By Blogger TigerHawk, at Wed Aug 27, 11:43:00 PM:

Anon 11:30 - OK, suppose "response" is just a euphamism for military action. What non-military responses did the Clinton administration implement to the Mog, Khobar, the African Embassies, or the USS Cole (they did prosecute the immediate perpetrators of WTC I, to answer the first commenter)? If you read Richard Clarke's book, "Against All Enemies," it is hard to locate even a non-military response.

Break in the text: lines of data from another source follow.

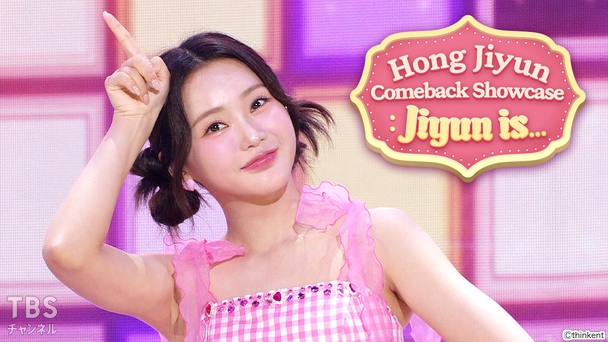ホン・ジユン Comeback Showcase : Jiyun is...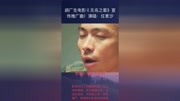 好音乐推送:任素汐八分钟表演让王菲流泪,歌曲中有四川土话,小人物大智慧.原创完整版视频在线观看爱奇艺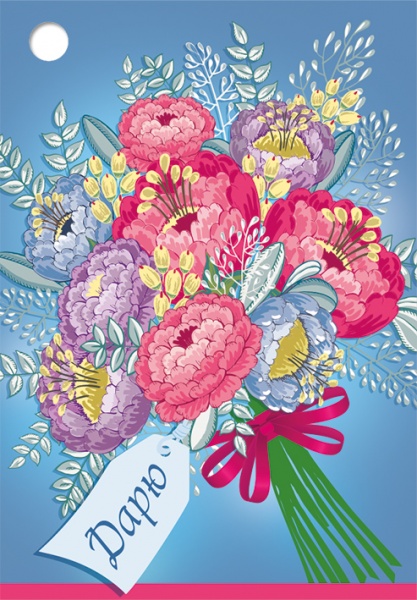 Бирка (5,6*7,9см), Дарю! Букет цветов, 1 шт.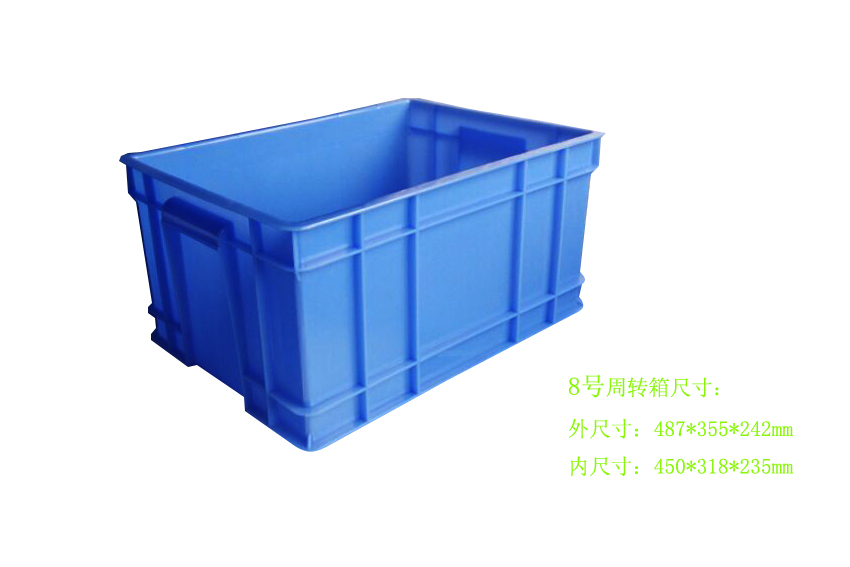 供应用于通用包装的塑料周转箱，塑料周转箱厂家，价格图片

Anyway, I did not blame 9/11 on Clinton. Who knows what would have stopped it? But I, at least, have a "model" for understanding the enemy, which is that he is going to keep trying to kill Americans until we kill or otherwise interdict him. What was Bill Clinton's model for ending Islamist terrorism against American targets? Ending poverty and injustice in the world?  

By Anonymous Anonymous, at Wed Aug 27, 11:53:00 PM:

You may be right, and certainly I think there was complacency on all sides before 9/11. But even though you say "ending poverty and injustice in the world" as a joke, Those are in fact ideals that I think would have served us well post attack, from a diplomatic and foreign relations point of view.

I think the initial military action (against the taliban) would have been executed by any acting president at the time. The complaints about Bush have to do with later acts, like whether or not invading Iraq was a wise choice.  

By Blogger Final Historian, at Thu Aug 28, 02:10:00 AM:

"But even though you say "ending poverty and injustice in the world" as a joke, Those are in fact ideals that I think would have served us well post attack, from a diplomatic and foreign relations point of view..."

What is ironic is that actually achieving those things in the world requires the removal, through military force, of people like Saddam Hussein from power. Simply put, as long as autocracies exist, there will always be mass poverty and injustice in the world. That doesn't mean that the Bush Administration didn't make serious mistakes, but we have to have a solid foundation of facts about the nature of the world before we can make those judgements.  

By Anonymous Anonymous, at Thu Aug 28, 07:06:00 AM:

I think you are missing their point: from their POV, Bush does have the "the worst national security record of any administration in modern times." That is because Bush has effectively defended America, and those guys are all rooting for the other side. If you are anti-American, Bush's record really is awful.